A typical session can run anywhere from $100 to $200, depending on the treatment plan, and may not be covered by some insurance plans.

As an alternative, Sakai and a team of researchers at the CU CONA (Colorado Neuromodulation of Addiction) Lab are putting together a study to see if Deep Brain Stimulation can help people addicted to meth.

Deep Brain Stimulation involves sending electrical impulses to target specific parts of the brain.

“It’s a long-term trial, where half the time they will have the stimulation on hours to determine whether the stimulation really does have any kind of an effect,” said Sakai. “We’re open to recruitment now and we want to bring in and essentially recruit and complete the procedures for five individuals.

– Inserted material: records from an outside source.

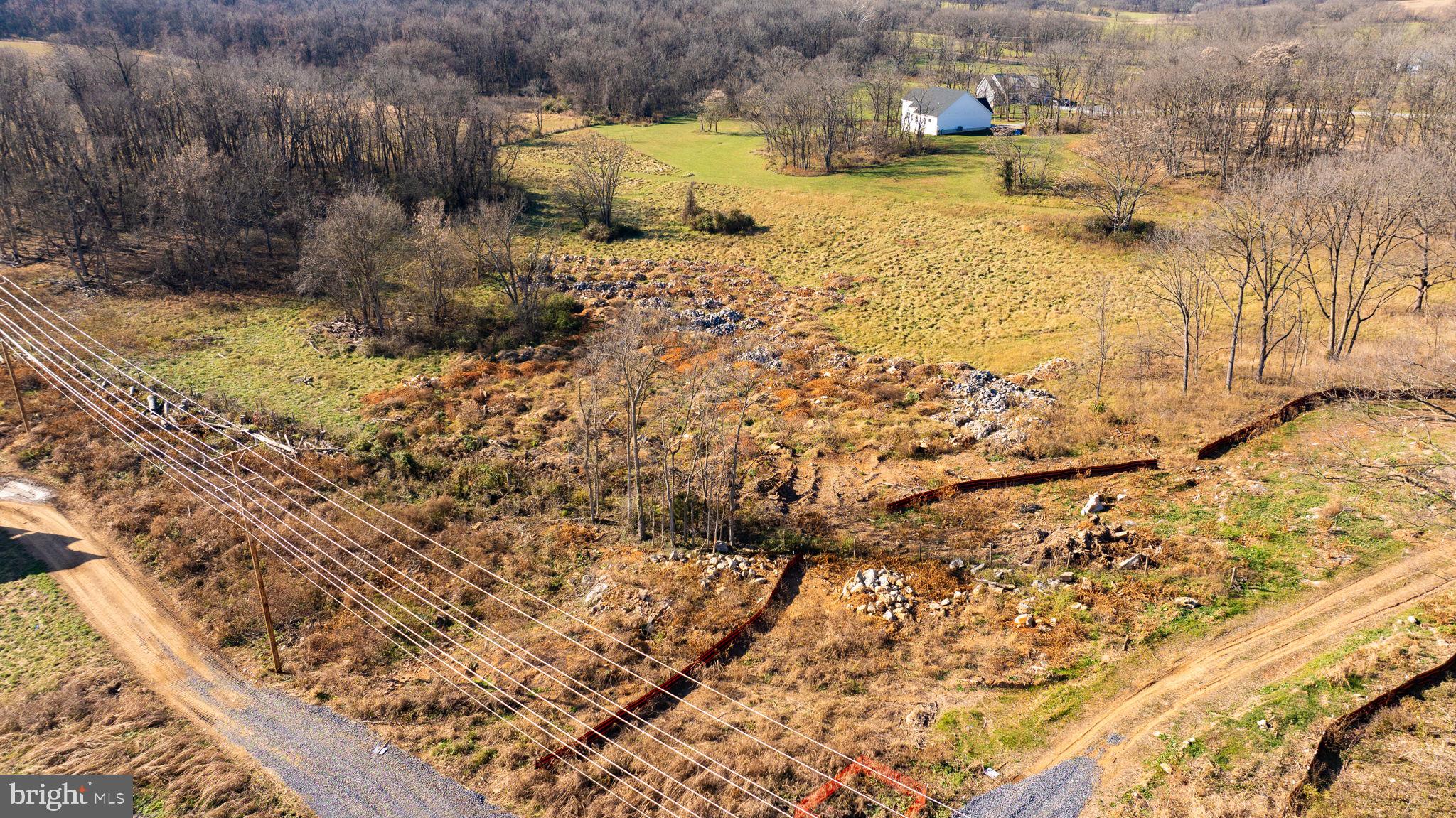 Lewisville Rd Summit Point Summit Point, WV 25446 - Photo 17 of 29 a view of a yard with wooden fence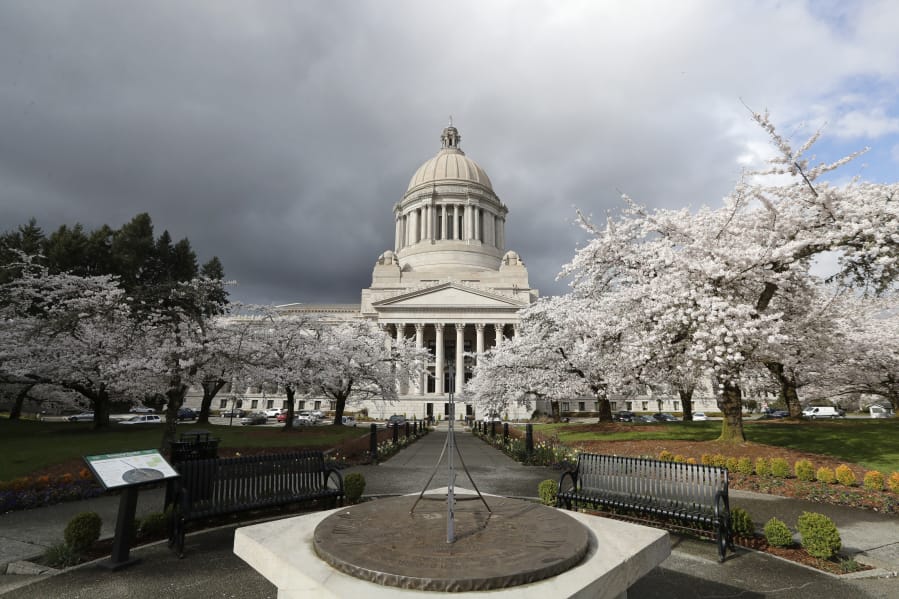 In this photo taken March 23, 2020, cherry trees bloom next to the Capitol building in Olympia, Wash.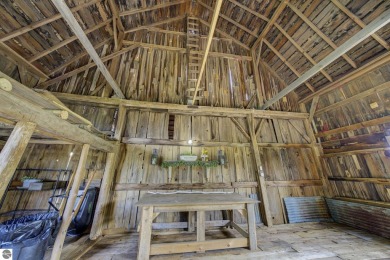 Step into the charm of Northern Michigan and a Slice of Bellaire on Shanty Creek Golf Course in Michigan - for sale on GolfHomes.com, golf home, golf lot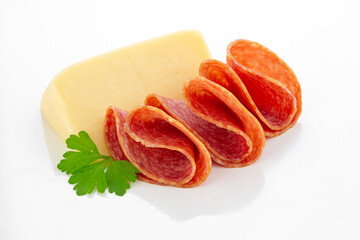 Slices of Hungarian salami with Edam cheese on white background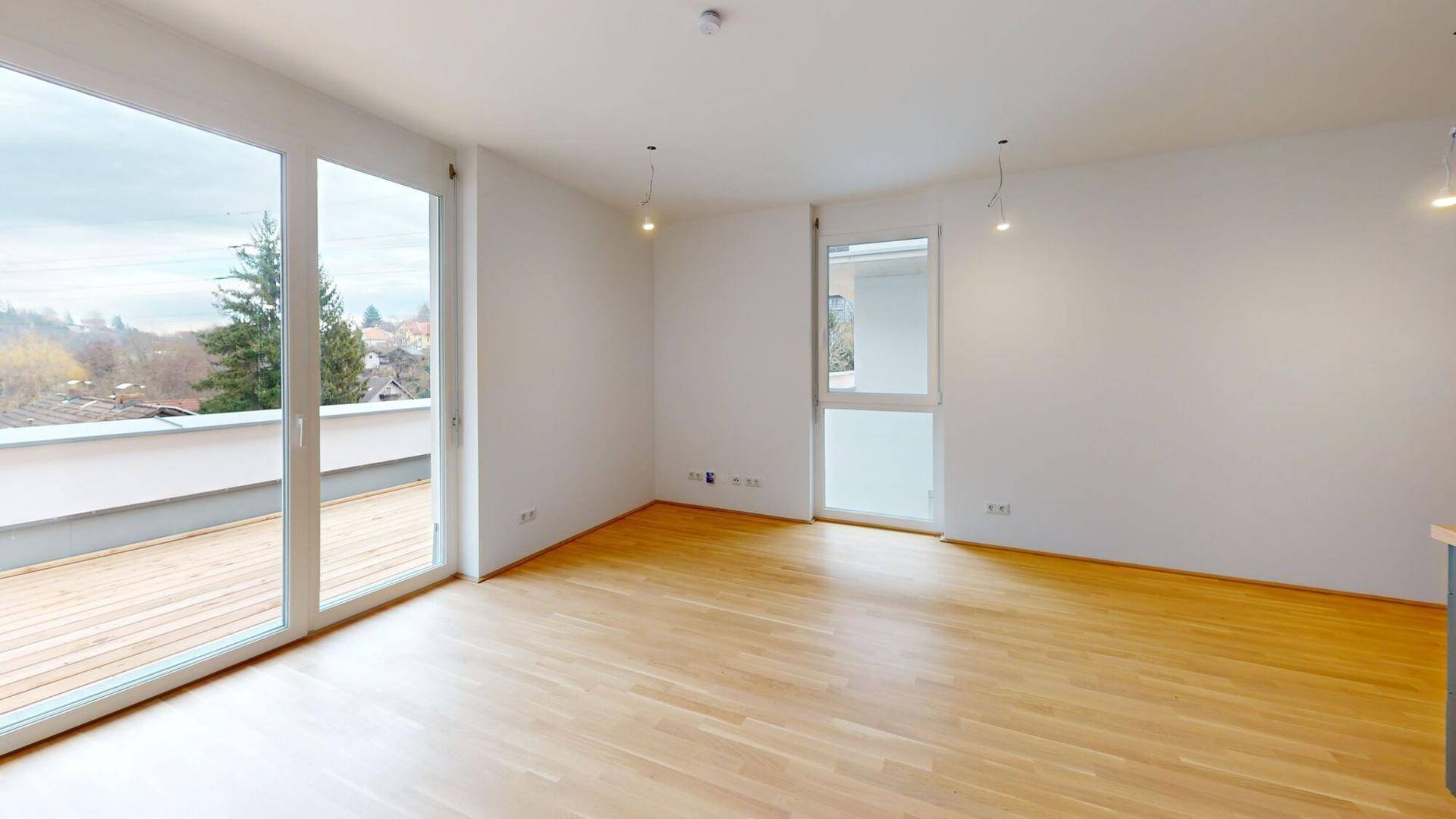 Heller Wohnraum mit Holzboden und Zugang zu einer großen Holzterrasse mit Weitblick.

We hope to do that over the next year.”

Sakai says if the results seem promising, the National Institute on Drug Abuse may provide them with more grant money to expand the study.

While the media spotlight has been more focused on the opioid epidemic in recent years, the meth epidemic received the attention of the Biden Administration, which released an action planto address public health and safety concerns last year due to rising overdose deaths.

Meanwhile, some Colorado libraries remain closed to the public as crews clean up contaminated areas.

In Englewood, where only limited library services are currently available, city officials estimate the cleanup will cost $47,000.

"Our remediation process has begun. It will require a triple application of a mild detergent to clean the affected areas by state-certified experts," Chris Harguth, the director of communications for the City of Englewood, said in an email to Denver7.

Officials in Englewood say they’re also looking at ways to prevent this from happening again and are considering installing sensor devices to help them detect meth and other substances in the future.

Libraries in Englewood, Boulder, Arvada and Littleton closed due to meth contamination in recent weeks.

Anyone interested in participating in the CU Deep Brain Stimulation study can visit the CONA lab website and complete a survey.